Drug, booze use up among students -- school district may step in
SEATTLE -- Seattle Public Schools will soon release a survey showing the health of the student population. It’s anonymous, and looks at wide-ranging issues like nutrition, violence, depression and substance abuse.
The survey will be officially released on May 21.
But there is already concern around the Ballard area. The study finds that students at Ballard High School and Whitman Middle school are using a lot more drugs and alcohol on average than kids at other schools around the state.
“I’m not really surprised, because I know we’re kind of considered the party kids,” said Boone, a sophomore at Ballard High. “I know that’s a popular belief among other schools.”
And that’s a big concern for parents. Sylvia Schweinberger said many are already talking with their kids.

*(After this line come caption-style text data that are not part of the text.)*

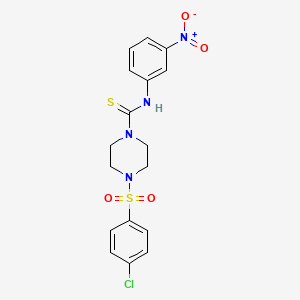 molecular formula C17H17ClN4O4S2 B4645295 4-[(4-chlorophenyl)sulfonyl]-N-(3-nitrophenyl)-1-piperazinecarbothioamide 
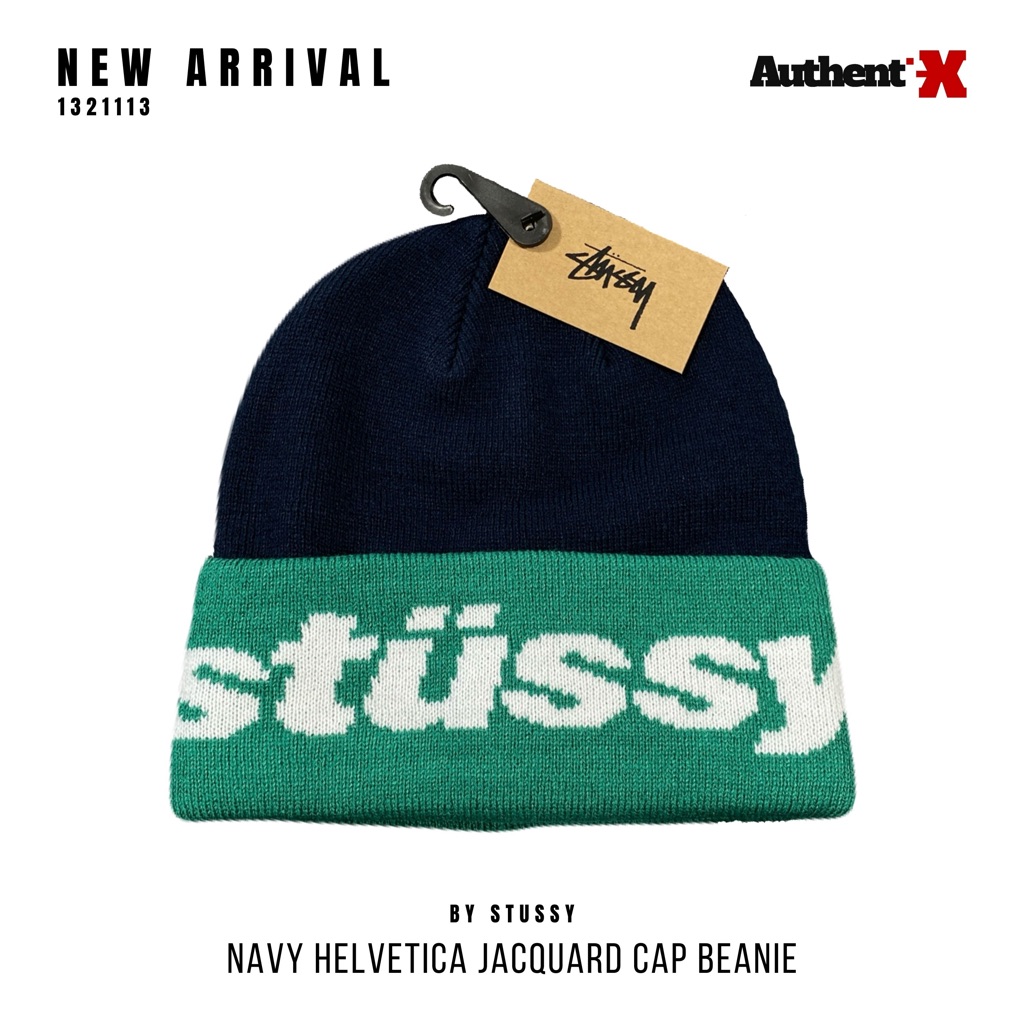 STUSSY HELVETIA JACQUARD BEANIE HAT - NAVY | ORIGINAL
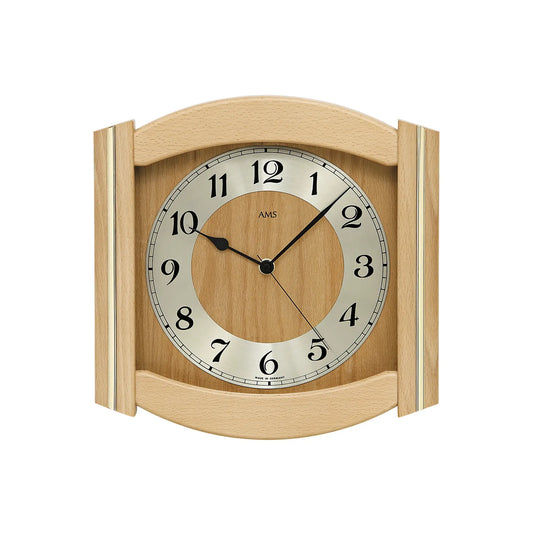 Orologio da parete AMS F5822/18 in faggio • Radiocontrollato • Cassa in legno massello con vetro minerale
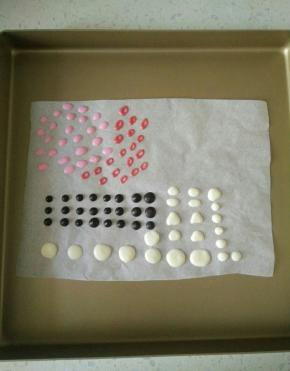 用融化的巧克力在油纸上画出装饰件。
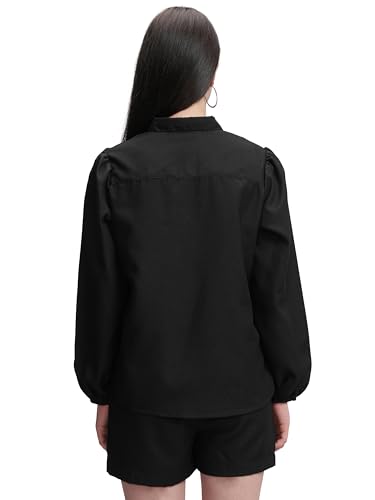 Image of Tokyo Talkies Elegant Bishop Sleeve Shirt & Shorts Co-ord Set | Chic & Effortless | Perfect for Casual & Semi-Formal Looks | Women Co-Ord Set | Co ord set for women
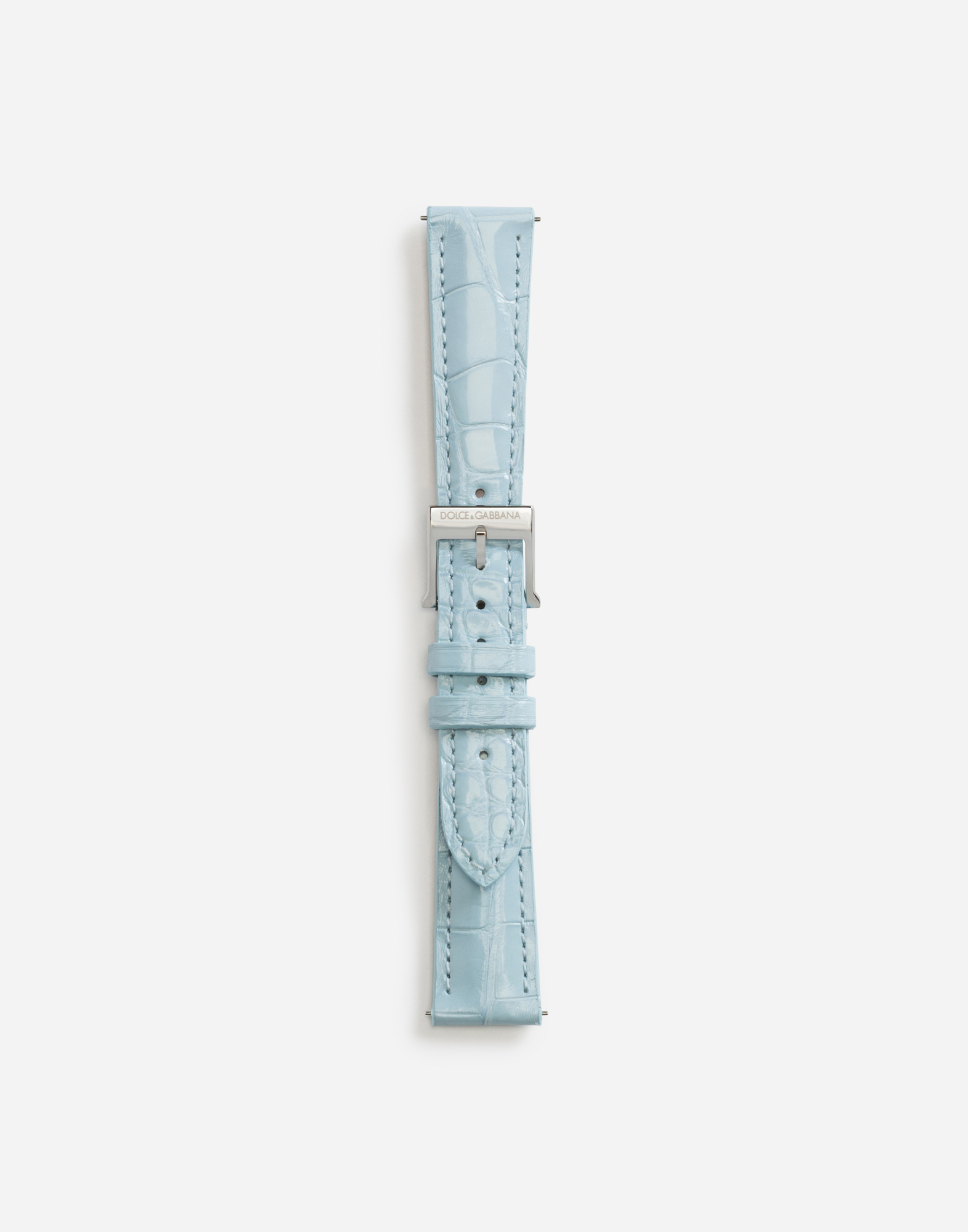 Dolce & Gabbana Alligator Strap With Buckle And Hook In Steel In Light Blue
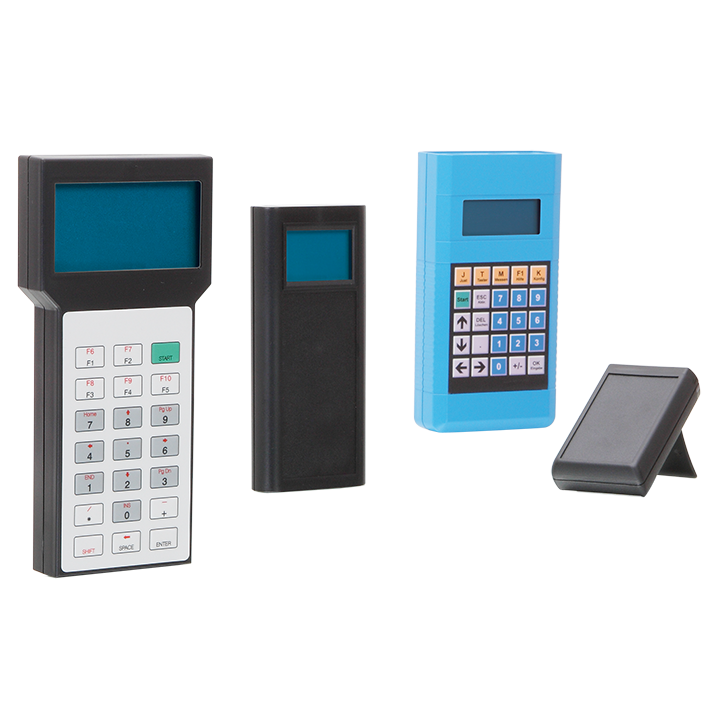 Various hand-held enclosures with membrane keypads and integrated displays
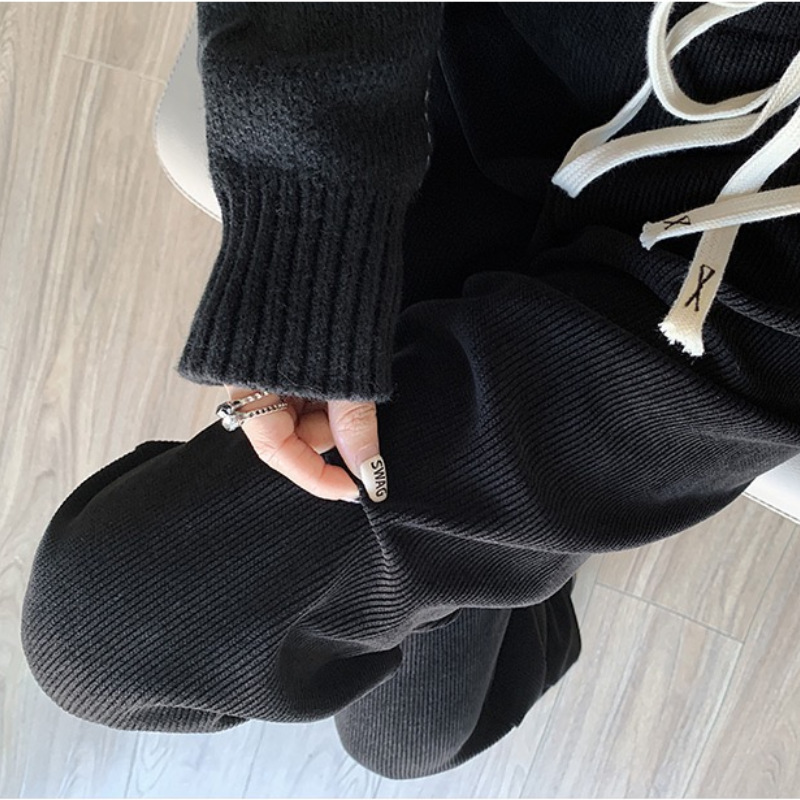 European Cotton Velvet Wide-leg Pants Women's Draped Spring and Autumn 2023 New Casual High Waist Draped Straight Corduroy Floor Pants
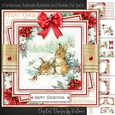 Christmas Animals Rabbits and Robin 7x7 inch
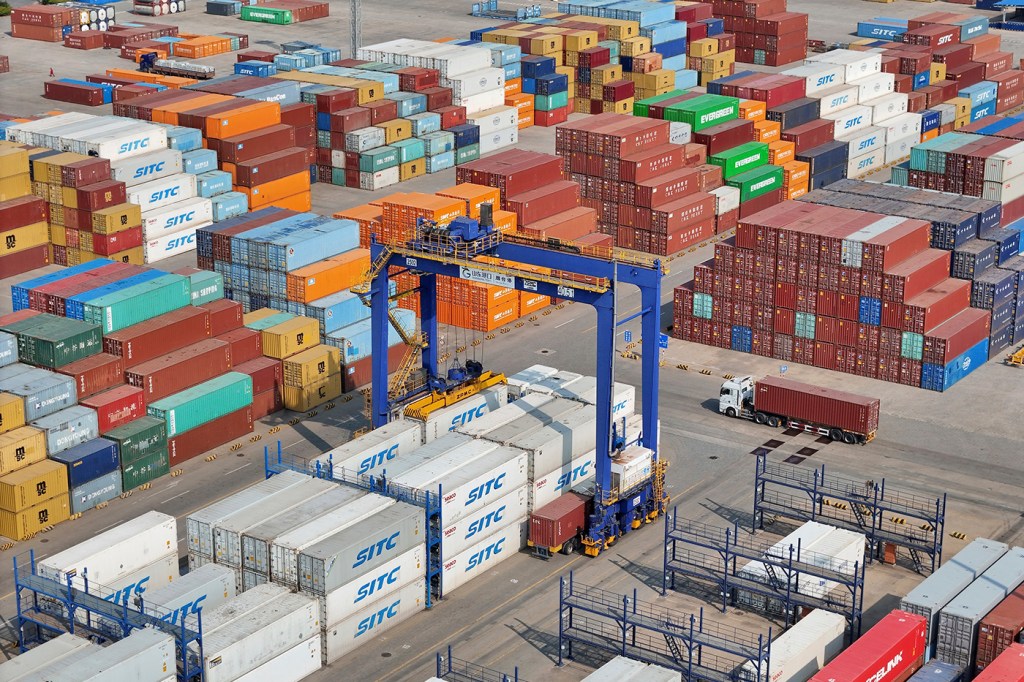 Shipping containers stacked in a terminal in China.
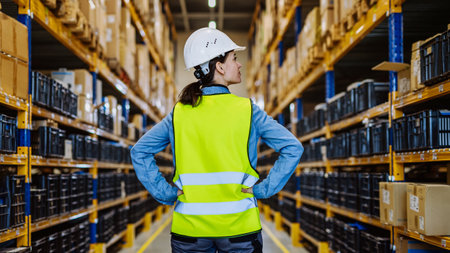 Rear view of warehouse female worker checking up stuff in a warehouse.の写真素材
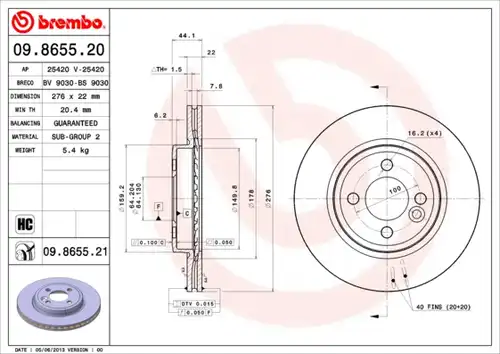 спирачен диск BREMBO 09.8655.21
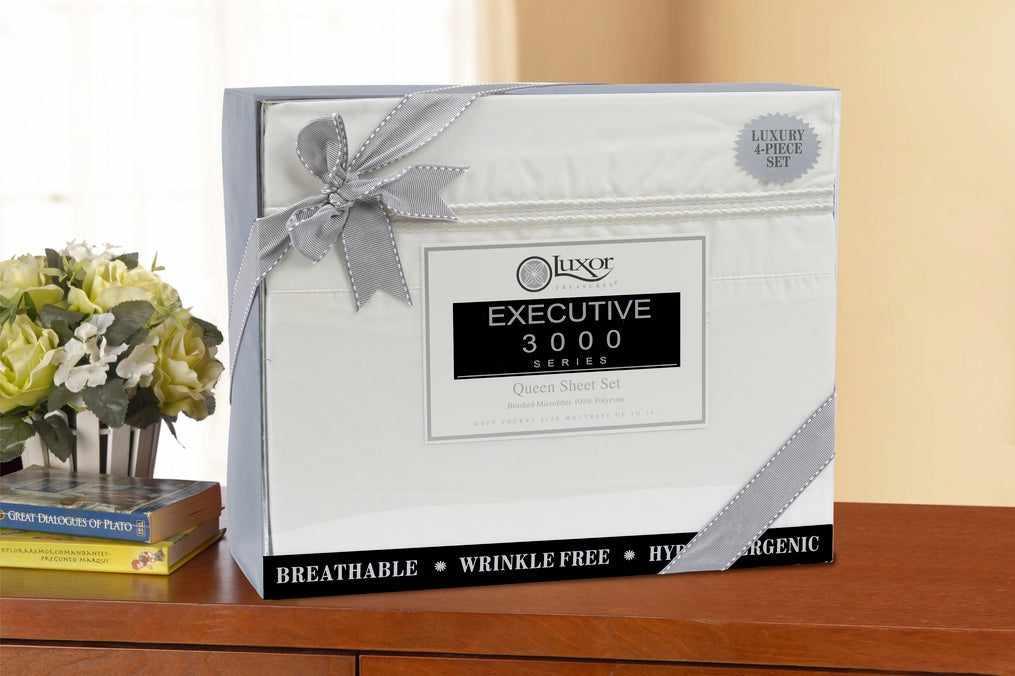  Superior Microfiber Wrinkle Resistant and Breathable Solid 2-Line Embroidery Deep Pocket Bed Sheet Set - Ivory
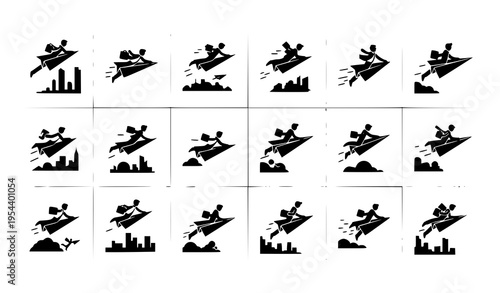 Businessman icon pack flying over abstract city and digital environment vector set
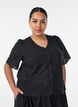 Blouse in broderie anglaise with button fastening, Black, Model image number 0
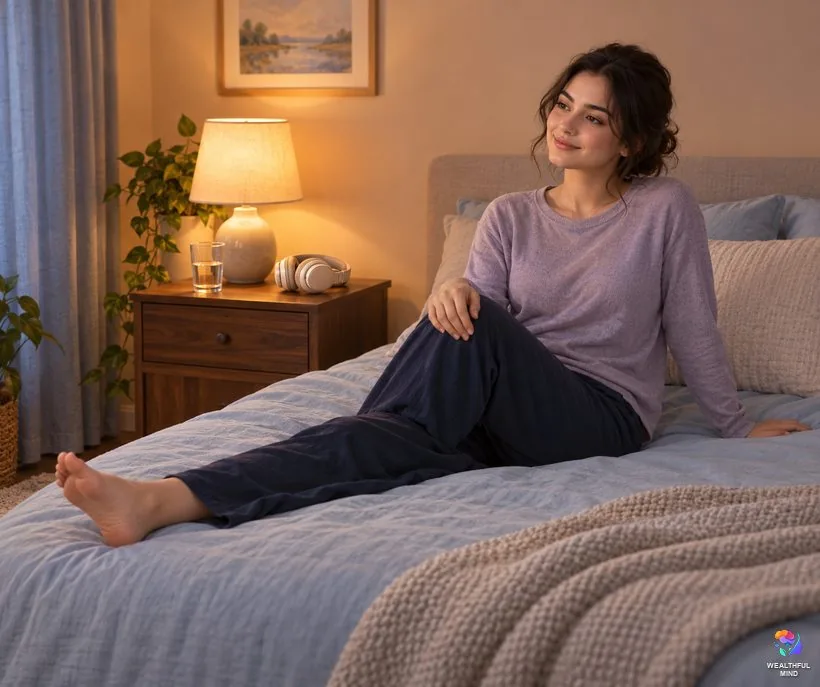 When the Julia method isn't working: a young woman sitting up in bed, stretching her leg and smiling patiently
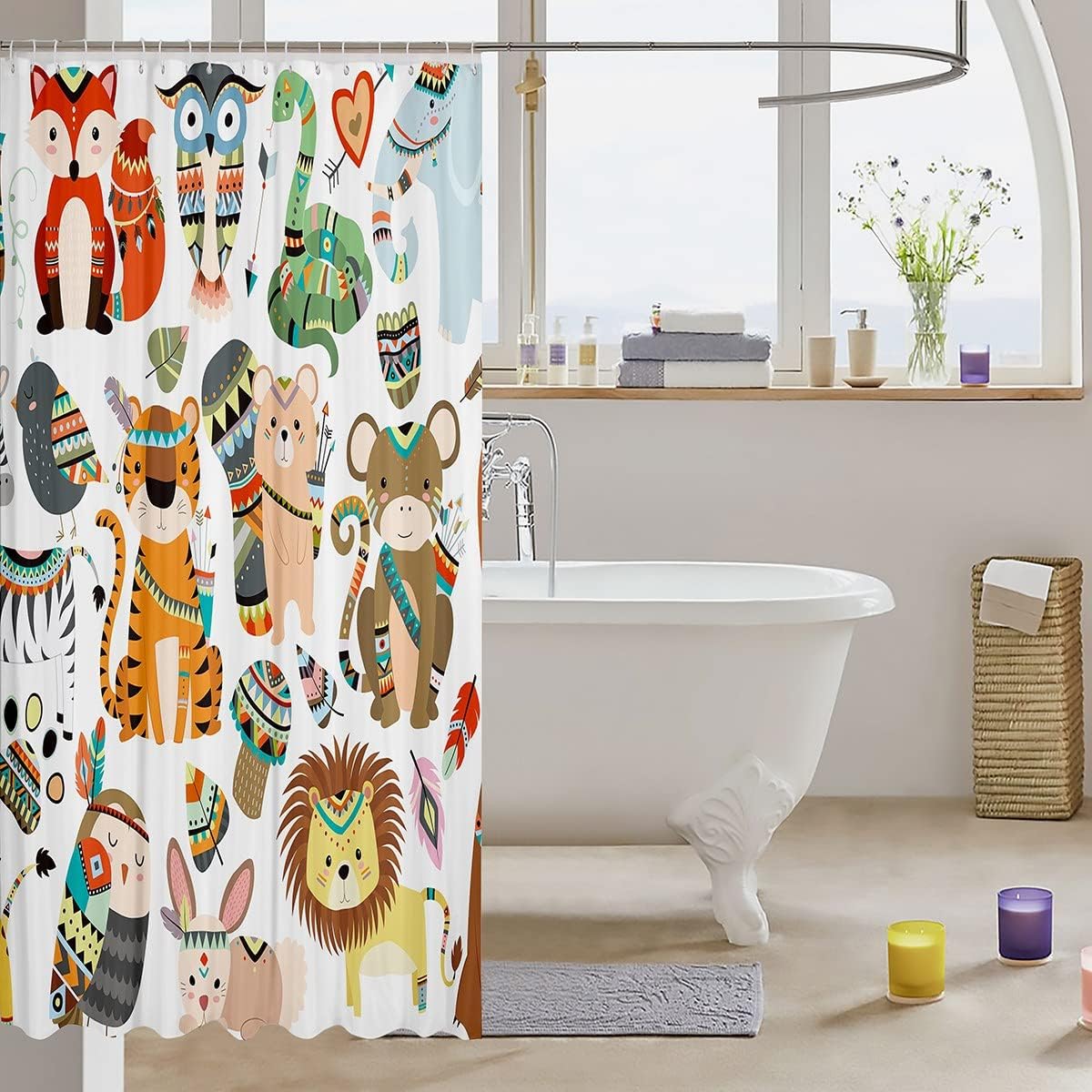 Native American Geometric Pattern Shower Curtain with Tribal Navajo Design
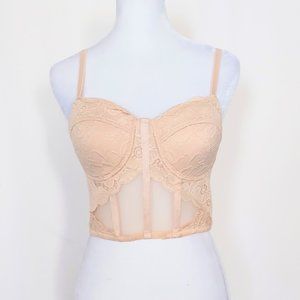 Say What Padded Front Lace Corset Top Size Medium Adjustable Zippered Peach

“I just don’t want them to feel like they have to go along with a group,” said Schweinberger. “I want them to feel strong enough to do what they think is right and be safe.”
It doesn’t help that there is apparent temptation right around the corner.
A recent swat raid on a home near Ballard High found drugs and guns. Police said Alejandro Castillo, 50, was selling marijuana and pot brownies out of his home to students after school, some as young as 12.
Castillo is facing felony drug dealing charges, but he may never be prosecuted. What is legally considered marijuana became muddled with the law that made pot legal in Washington.
Lawmakers recently passed emergency legislation to rectify that, but those changes could come too late to charge a man accused of selling to kids as young as 12.
There is expected to be a lot of talk among parents and kids in Ballard once the survey is released, and the school district will likely take action.
Spokesperson Lisa Sharpe said that when health surveys in the past found that students in certain areas of the city were using drugs and alcohol more often, the district has stepped in with counseling and organized parents, and that move has subsequently brought the numbers down.
That’s a strategy that will probably be used in Ballard as well.